There’s no way around the chaos for that. It’s having those structures of getting through the chaos and the simplest way I can think of for that structure on how to get through some of that chaos is three simple steps. Have a plan, be flexible with that plan, and then I go back to your childhood monkey bars. There’s a lot holding on to each of those bars whether you’re the 40 pounds second grader or you’re a 200 pounds dad who’s going to prove you could still do it. You’re going across the monkey bars and in order to get to the next rank, you’ve got to let go of one.
We talked about there being three steps that people tend to hit when they hit through the chaos. 1) Going back to the status quo. 2) Getting stuck in the chaos. The third one is how do I get through this chaos as quickly as possible? In order to do that requires those three pieces you need to plan. How clearly can we define where we want to be? What’s that new status quo? What’s the purpose of this chaos that we’re going through? Why did we create this change? With everything that’s happened since 2020, there’s a lot of change that has to happen. There are also a lot of opportunities in some businesses for people. They should be looking at what’s that pivot, what’s that opportunity that I could move into and have a plan around what that looks like. The clearer you can see it, the better you can make decisions to get you through the chaos faster.
I’m thinking that this is where embracing the chaos comes in in terms of letting go.
It’s not going to be pretty, it’s going to be messy. Sometimes, people are going to embrace that because they like the adrenaline rush. Some people are not going to like that feeling at all because they don’t feel like they have control over what they’re doing. When that’s what you’re feeling, we want to be really focused on what’s the why. What’s on the other side of the chaos? What’s that new status quo we’re trying to get to because we can make the right decisions that get us through that chaos.

Embracing Change: When we look at how change happens, change starts with a decision. And it’s a decision based on what we can see in the future where we want to go.
When we can look at the process of change, there are two pieces I like to coach on when I talk about the process of change. That was that first piece, which was you have to make the decision based on where you want to go, understand that the step between that is the longest step and that’s transition. You’re then going to go through this cycle of chaos. The more frequently you go through it and you go through it consciously like, “This is that chaos piece. What is the next step that I need to take in order to keep moving it forward?” You’ll learn how to get through chaos faster.
That makes a lot of sense. I keep thinking about it as someone where chaos is imposed upon you. Say that you suddenly discover that the competition launches a product that is exactly like the one that you’re in development for but you’re three months out and they’ve launched it to major fanfare. Suddenly, you’re not the first to market and you have to rethink. If you say you wake up to that news, where can one start to deal with that sort of chaos?

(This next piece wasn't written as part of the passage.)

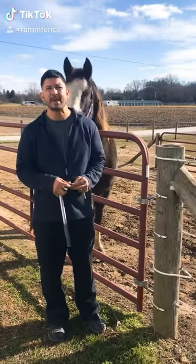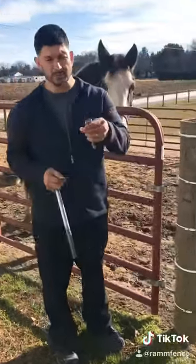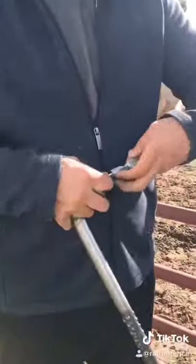What we're working with is your extra wide barb staple and your staple starter. Comes in really handy.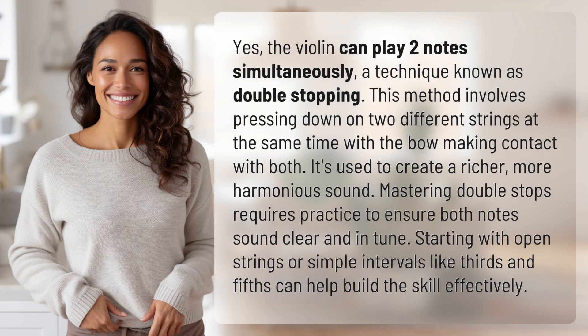Yes, the violin can play two notes simultaneously, a technique known as double stopping. This method involves pressing down on two different strings at the same time with the bow making contact with both. It's used to create a richer, more harmonious sound.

The first thing I would do is go back to, what was the reason that we were doing this product? Go back to that vision that you had for why you’re creating this product. Somebody else has beat you to launch but does that diminish the purpose and the intent of you creating this for your department or your business. It still has value. In most cases, the answer is going to be yes. It’s just that now we’re following instead of leading. You find a way to turn and take a look at that. How do I adjust what that outcome looks like? Do I need to go faster? Do I need to communicate differently? What problem does this really give you? How do we drill down to is this a problem or is it based strictly on, “I’m disappointed and I’m feeling like we fell behind.”
Let’s talk about feeling.
That’s a big part of the chaos. One thing that I get to do with my business owners is I’m looking from the outside. I can see the logical steps of where they need to go to get through their chaos most of the time. They’re stuck in the middle of it. It’s really easy to get totally encompassed by the feeling side of that chaos. If you’re a leader and you’re trying to lead your team through that, understanding that your team may be experiencing all those feelings that come with that and it’s our job to try and communicate with them in a less emotional way. Does that make sense? It doesn’t mean we don’t experience the feelings too but helping them to understand how do I go from step 1 to step 3 when step 2 feels really hard. Let’s break step 2 down into 8 steps of its own. How do we get through that?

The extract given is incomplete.